Carbon Coop is one of 5 pilot sites around Europe taking part in the Nobel Grid project. Last week, as part of a project meet-up, we visited the Belgian pilot EcoPower, an energy generation and supply cooperative, supplying over 48,500 member-investors with electricity (around 1.5% of all households in Flanders).
Early in the morning we drove out to Eeklo, a town of around twenty thousand people to meet one of the co-op’s founders Jan De Pauw, who showed us around.
Eeklo was the location of the first EcoPower wind turbines and 5 of the 8 turbines in the town belong to the cooperative. This is largely due to the progressive tendering process used by the local council, who alongside seeking an annual site rent of €25k, asked tenderers to demonstrate additional benefits they would bring to the local community. As a cooperative wholly owned by its members EcoPower was able to provide significant evidence of local involvement and participation and was awarded the concession.
EcoPower only sells to its member/investors, but as minimum investment is so low, the coop now supplies over 500 of the 8,000 houses in the immediate area and last year was able to provide power at 20% below average market rate. Amazing what you can do when you don’t have to generate profits for external shareholders!
We visited one of the more recent turbines a 2.3MW installation, which uses ‘direct drive’ technology, rather than having a gear box – resulting in the smaller egg-shaped turbine (energy geeks can click on the image below for more details). This means that though the turbines are more expensive to install, they run very quietly and require much less maintenance – Jan says over 20 years the costs are the more or less the same.
When we arrived the turbine was in ‘shadow mode’ – the blades were not turning – this happens for around 20 minutes a day in the 6 months of the year when the shadow of the turbine falls on a local industrial unit. By law turbines can’t cast a moving shadow on people’s homes or work places, as the rapid and intermitant changes in light might do the occupants’ heads in. Very civilised.
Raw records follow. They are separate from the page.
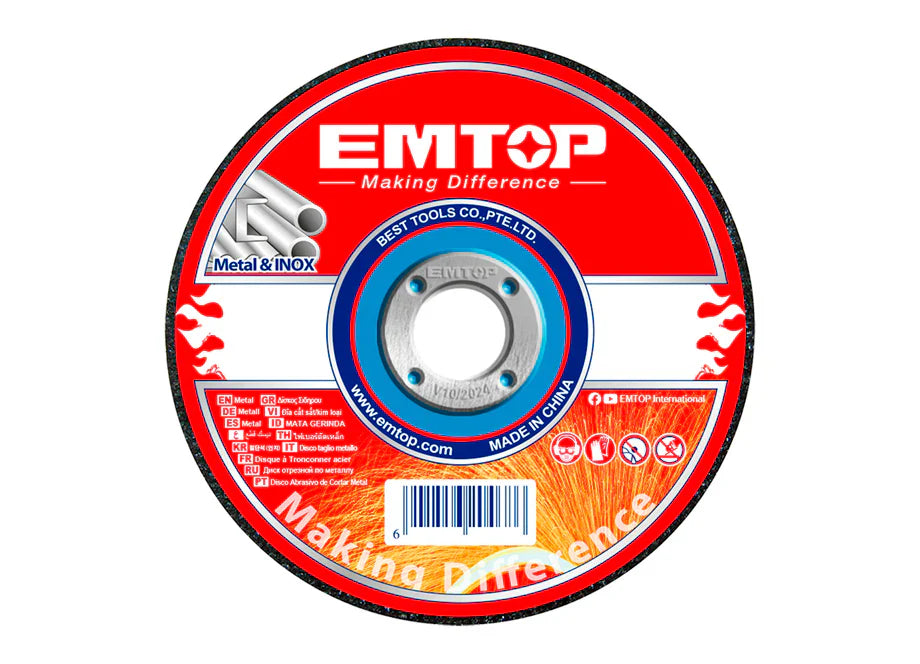 فيبر قص ستانلس EMTOP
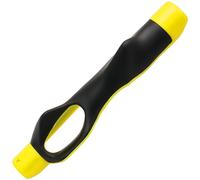Auvotuis Golf Grip Trainer, Right or Left Handed Golf Training Aid Grip Kit, Easy To Carry Golf Practice Tool to Help Train Correct Hand Position (Yellow)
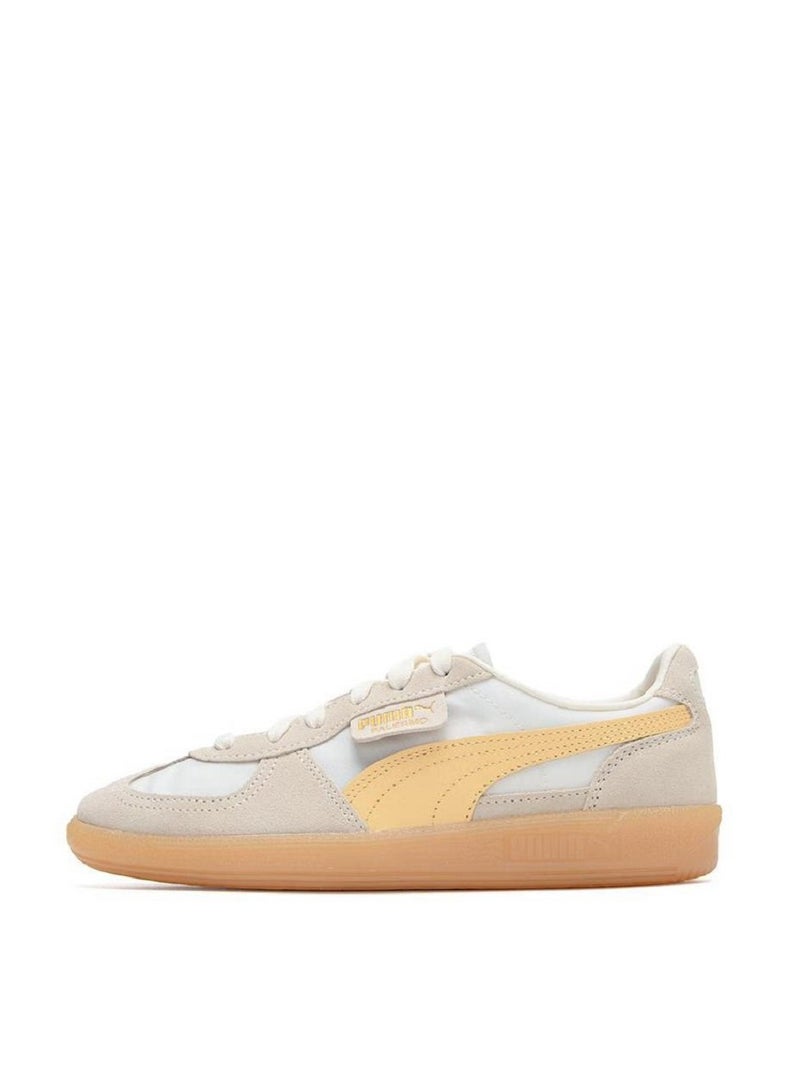 PUMA Palermo OG Causal Low Top Shoes Beige/Yellow For Women/Men/Students - Image 1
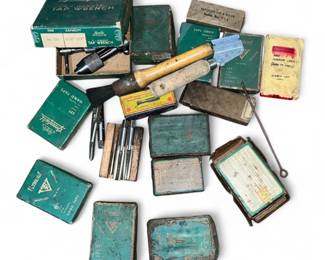 Antique Tools, Tap Wrench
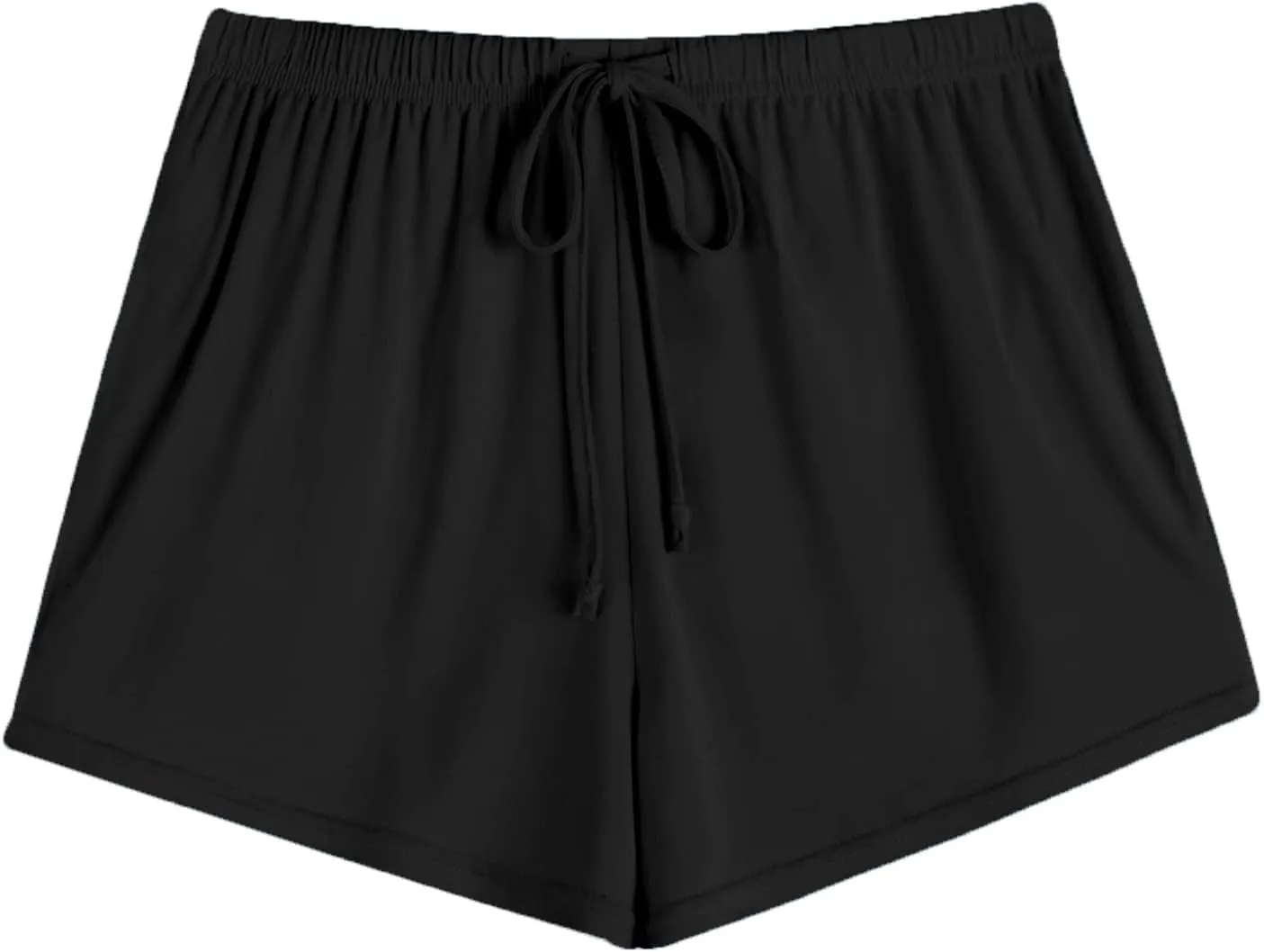 Ekouaer Women Pajama Shorts Comfy Lounge Bottom with Pockets Stretch Strip Sleepwear Drawstring Pj Bottoms Sleep Shorts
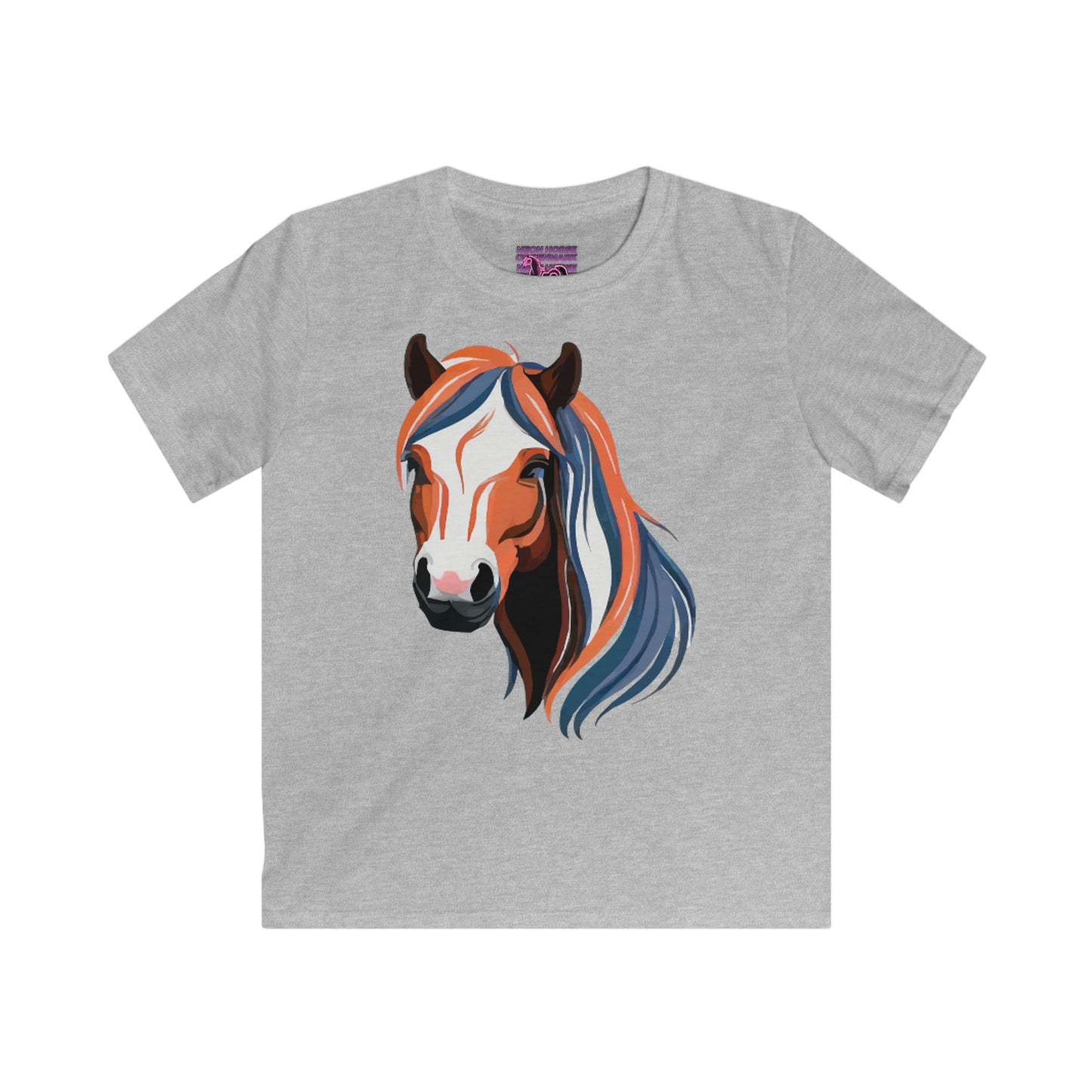 MY HORSE - T-shirt til børn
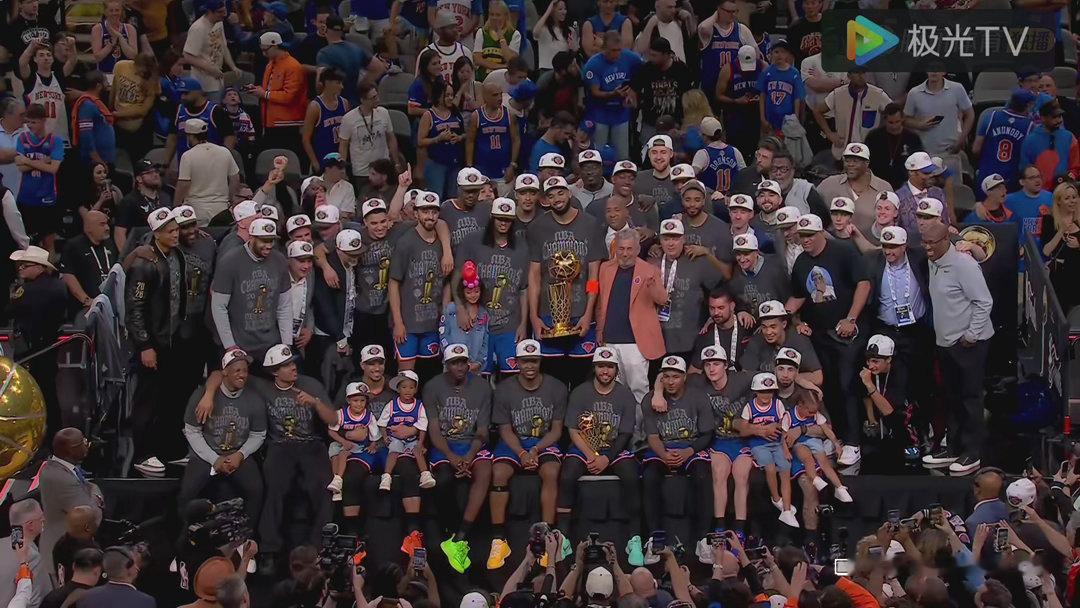 NBA 史上第一个双冠王！ 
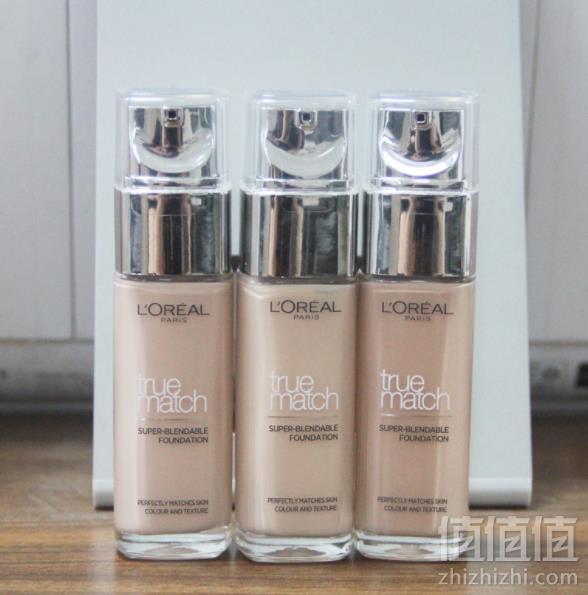 L'Oreal Paris 巴黎欧莱雅  true match 绝配无瑕粉底液 30ml52.02元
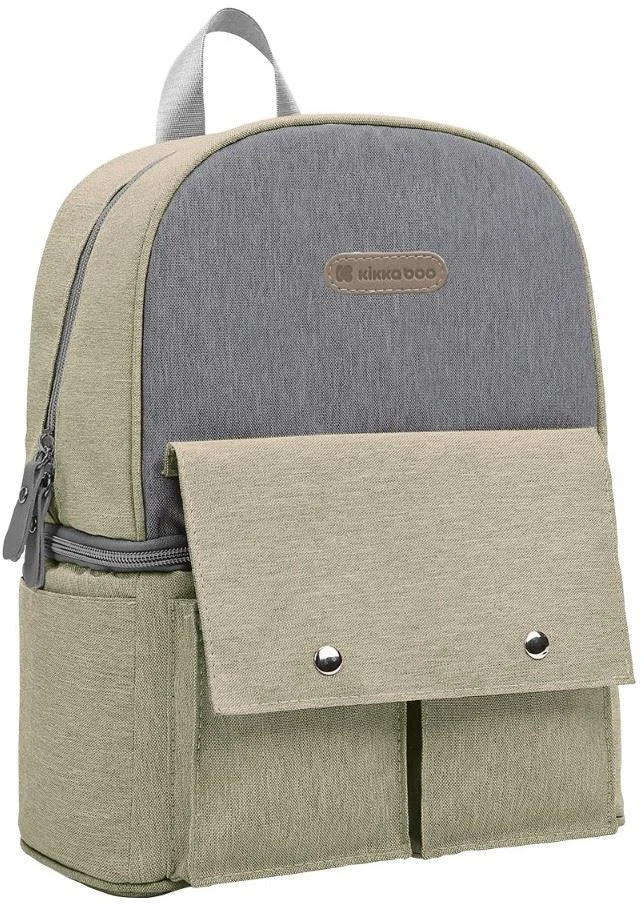image for Geanta pentru mame KikkaBoo Nia Beige foto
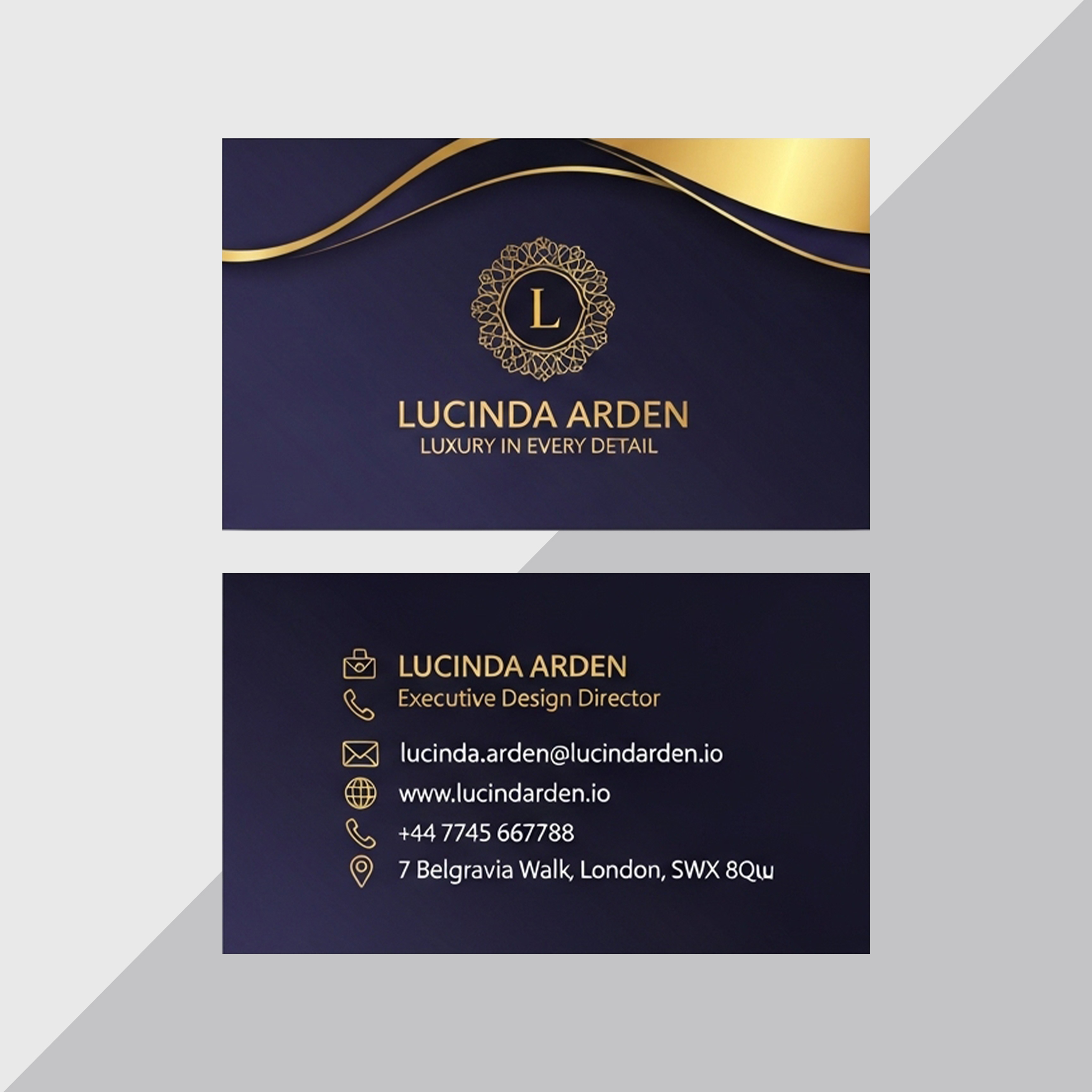 business card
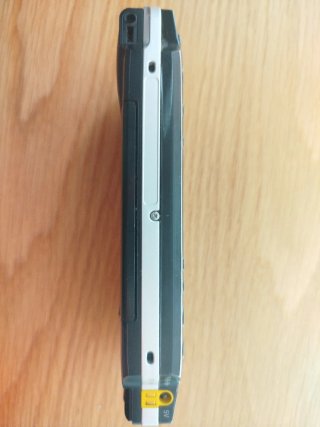 Sony PSP Fat Negra pantalla rota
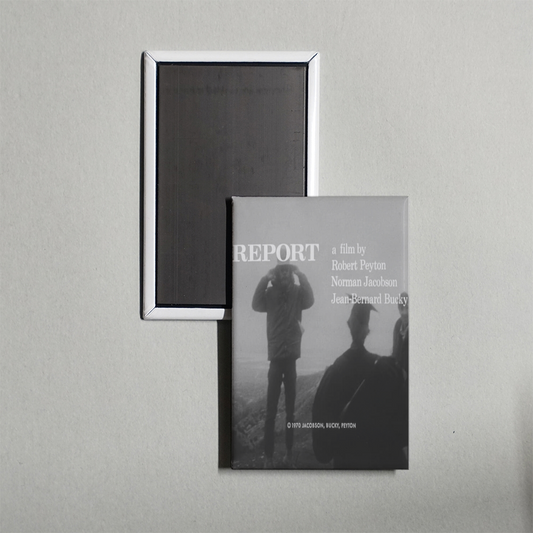 Report Mini Movie Fridge Magnet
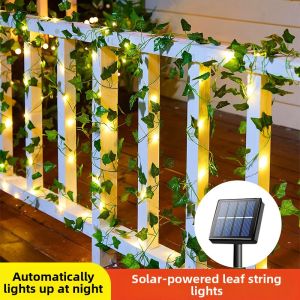 PAIMIJI | Solar Decorative Leaf Lights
Said ‘industrial unit’ is actually a municipal waste incinerator and EcoPower are currently negotiating a process by which they can reclaim some of the waste heat produced by the plant for for energy production.
We had our meetings in the ‘Eeklo centrumstad’, an inspirational business and industrial site with a number of carbon-neutral buildings (the first in Belgium), as well as solar production and a bio-diesel combined heat and power plant (running at 250kW). The bio-diesel plant is only run during the daytime and only in winter, when PV generation is low and the surrounding buildings need heating. As well as generating power the plant also recovers the heat produced in a 120,000ltr insulated water plant, which will form part of a heat-main they are currently installing.
The feedstock comes from local farmers, who were persuaded to replace imported soya animal feed by growing their own rapeseed, the solids from the crop (2/3 by weight) is fed to animals and the remaining oil is burnt in a conventional diesel generator. The only alteration necessary was to add a heating element to the oil store, which heats the oil to a consistent 60 degrees before burning – this deals with the oil being more viscous than fossil-fuel diesel. Jan’s view is that bio-fuels only really work at a smaller scale such as this, where feedstocks can be locally sourced without adversely affecting local food production or the environment. Really reassuring to see such holistic thinking, EcoPower are definitely our kind of people with a brilliant cooperative model.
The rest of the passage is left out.